How then, can we restore our relationship with fashion and, beneath it, our relationship with our bodies and ourselves?

Katherine urges us to take responsibility for what we wear, and reduce the impact we have on the environment and humanity through the choices we make as consumers.

"We can either become nudists, boycotters or revolutionaries," she says. "Like all spheres of life fashion needs Kingdom redemption. We can abandon it to its own evil ways or we can create something new and wondrous."

Katherine recommends the Fairtrade clothing label People Tree, which starts with the skills the workers have and build up their collections from there, the Fashion Conscience website (fashion-conscience.com), curated ethical menswear collection Brothers We Stand (brotherswestand.com), and Gather and See (gatherandsee.com), which curates fashion for women that is either Fairtrade, recycled, hand made, eco-friendly, organic or uses small scale production.

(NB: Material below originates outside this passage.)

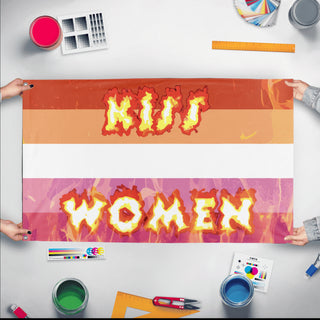 A mockup of the custom flag 'aggressive lesbian flag' held up on a table during print checking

But most of all she recommends taking control of our own decisions:

"Be a conscious consumer. Make informed choices. Look at the labels of the clothes to see where they were made and what fabrics were used. Decide where your own limits are of where you will and won't shop."

Joanna encourages us to acknowledge our own pain, our own specific issues, if we want to move forward.

"'Fig leaves', whatever form they might take, are part of the human condition. But whatever we choose to hide behind, it isn't sustainable," she says.

"We have to really look at what the wounds are that we're inflicting or are being inflicted on us. We need to become familiar with exactly what our areas of vulnerability are, and then we need to come home to ourselves – to make that journey from the voices in our heads, the image we project onto the reflection we see in the mirror, and come back to ourselves."

For Joanna, meditation has been key in making that journey home. "It's a very physical way of praying and returning to one's own body – just being aware of yourself. We come to know our inner strength.

"I don't think we'll ever turn off the negative voices; but we have to learn to make that journey back to ourselves and to who God has made us to be, and to feel at peace with our bodies."